Machine learning in the browser based on TypeScript and Node.js – this is possible with Kalimdor.js. The idea behind it is by no means new. Kalimdor is said to be similar to ScikitLearn and even have some of the APIs transferred to TypeScript. This is explained by Jason Shin, developer of Kalimdor, in the media blog post introducing the library.
Machine learning in the browser, explains Shin, is useful in a variety of applications. With Kalimdor.js, for example, it would be possible to have a recommendation system for a music app run locally on the device if no internet connection is available. This does not always work with other solutions. For the implementation of various machine learning functions, Kalimdor supports both supervised and unsupervised machine learning models, including Decision Trees, Random Forests, PCA, KMEans, and SVM. Kalimdor can be used in combination with other machine learning libraries, such as TensorFlow.js.

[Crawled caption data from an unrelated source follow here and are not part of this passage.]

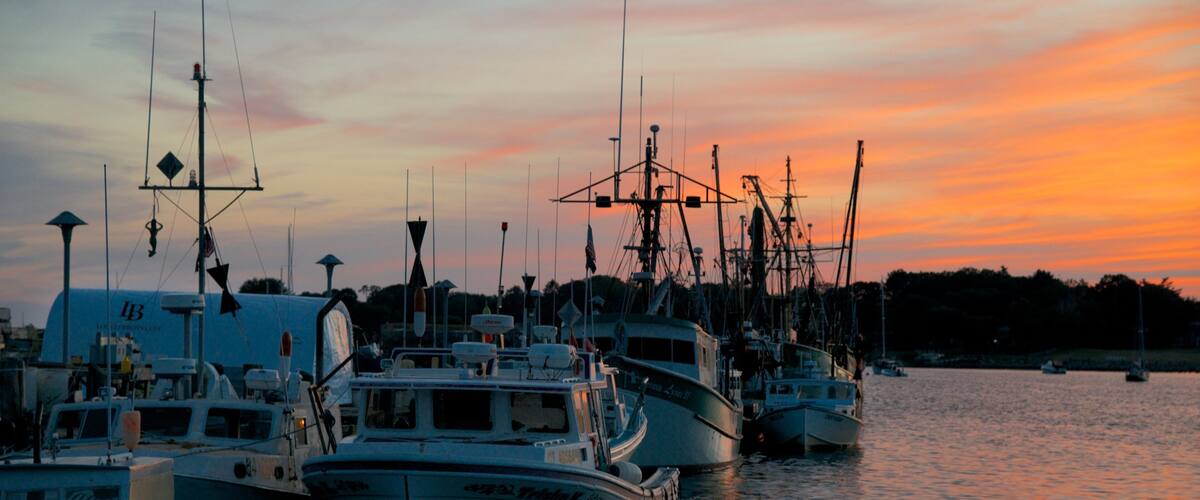 Stonington montrant baie ou port et coucher de soleil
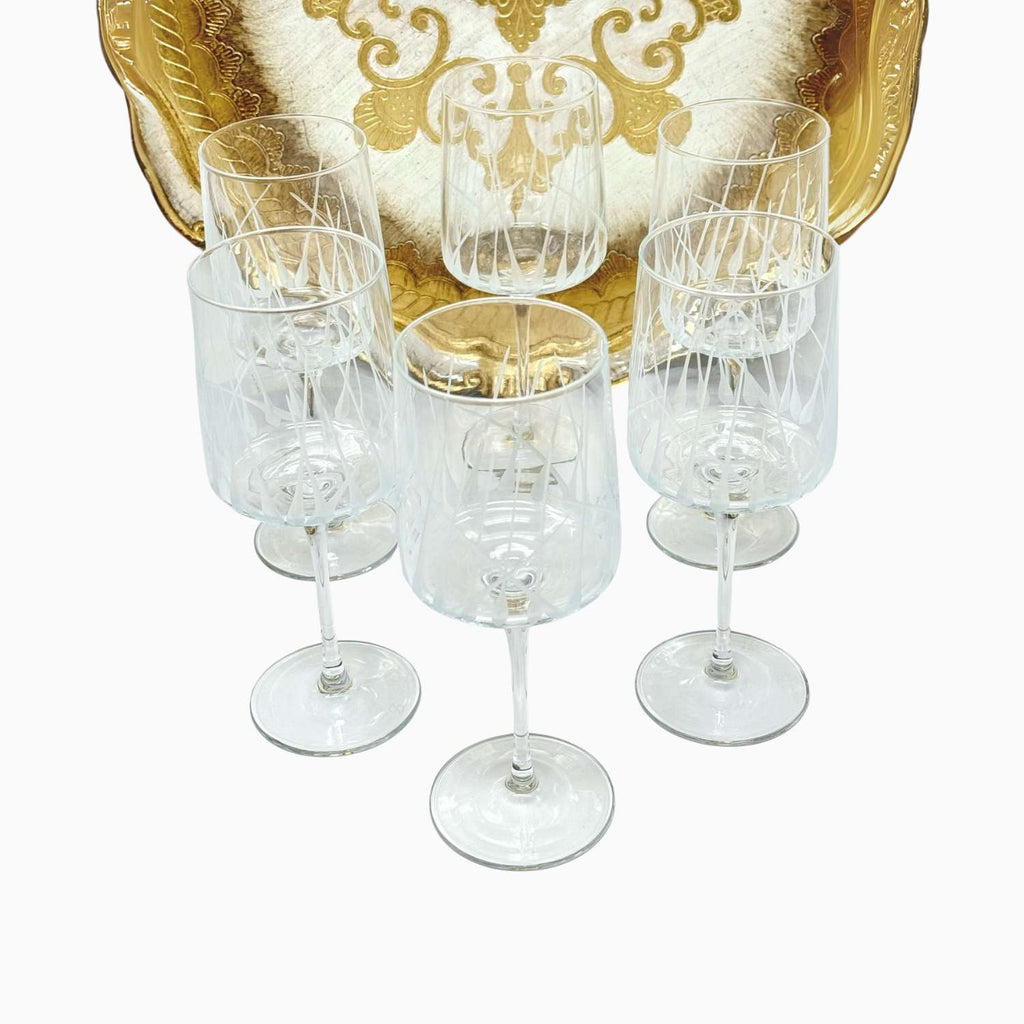 Set of six clear wine glasses on a white background with a decorative gold tray.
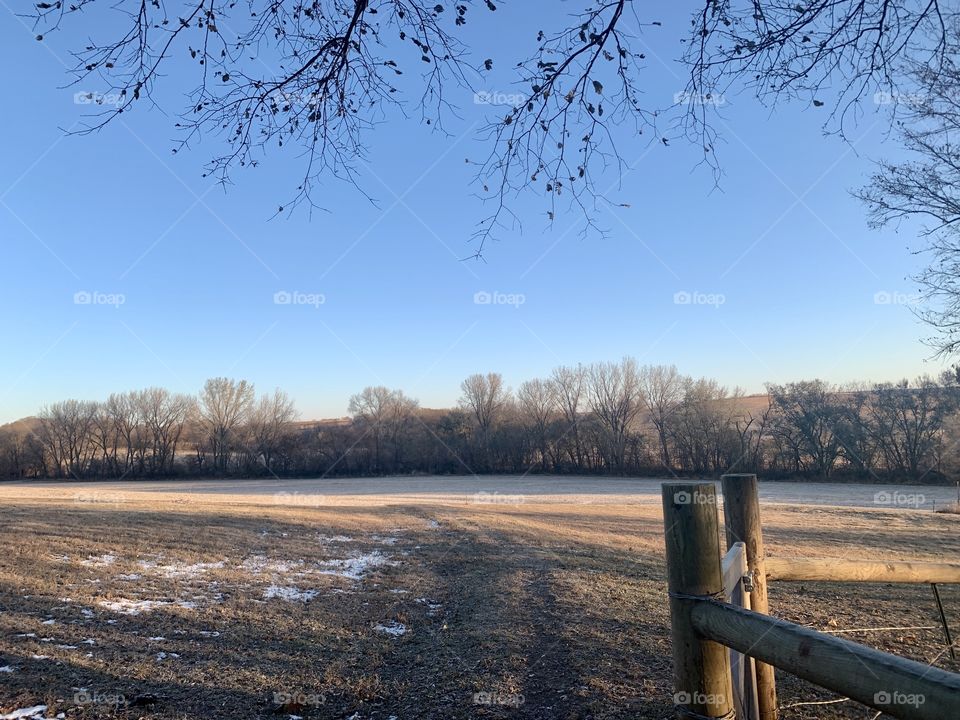View from a wooden gate across an empty farm field to bare trees in distant hills on a beautiful autumn day- landscape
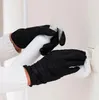 Hands wearing black gloves cleaning a light switch with a spray bottle and cloth. Produktbild-Vorschau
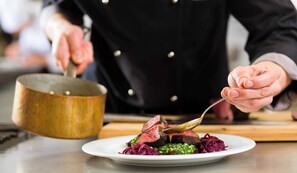 Een kok bereidt een gerecht met steak en groenten op een bord.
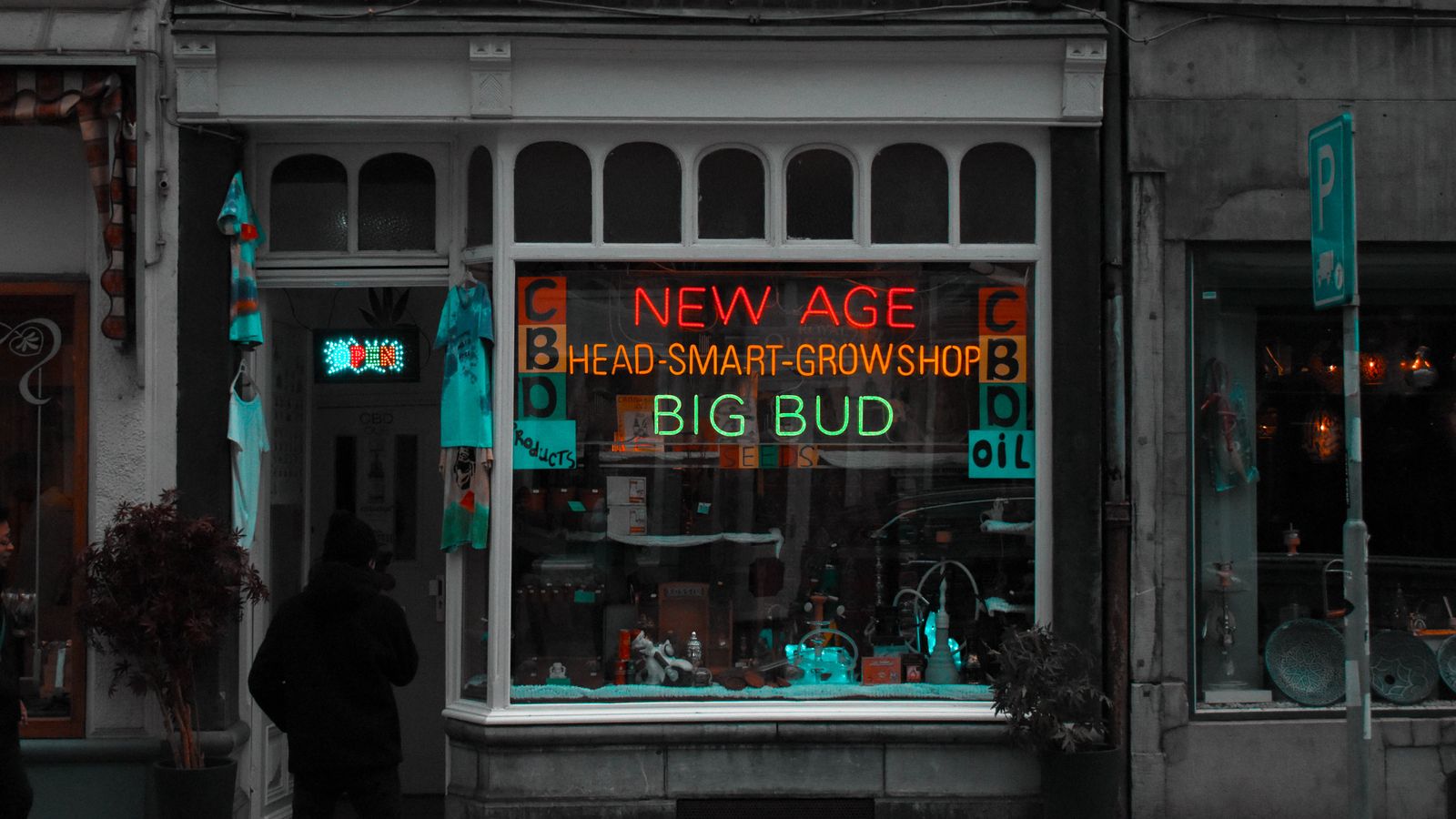 Street view of an urban CBD shop with neon signs and passerby at night.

Kalimdor.js: Machine Learning in the Browser
As you can read on the GitHub page for the project, the introduction to machine learning with Kalimdor.js should also be easier than with other tools. For example, the library includes a number of APIs that can be consistently used across all models to make certain basic functions accessible. This includes training to train a model,
predict
for inference,
toJSON
to store the state of a model, and
fromJSON
to load models from checkpoints.
Kalimdor.js can be installed via yarn and npm:
$ yarn add kalimdor

$ npm install --save kalimdor
If the name of the library seems to be familiar to one or the other: World of Warcraft actually served as a template, as the above-mentioned blog post by Shim shows.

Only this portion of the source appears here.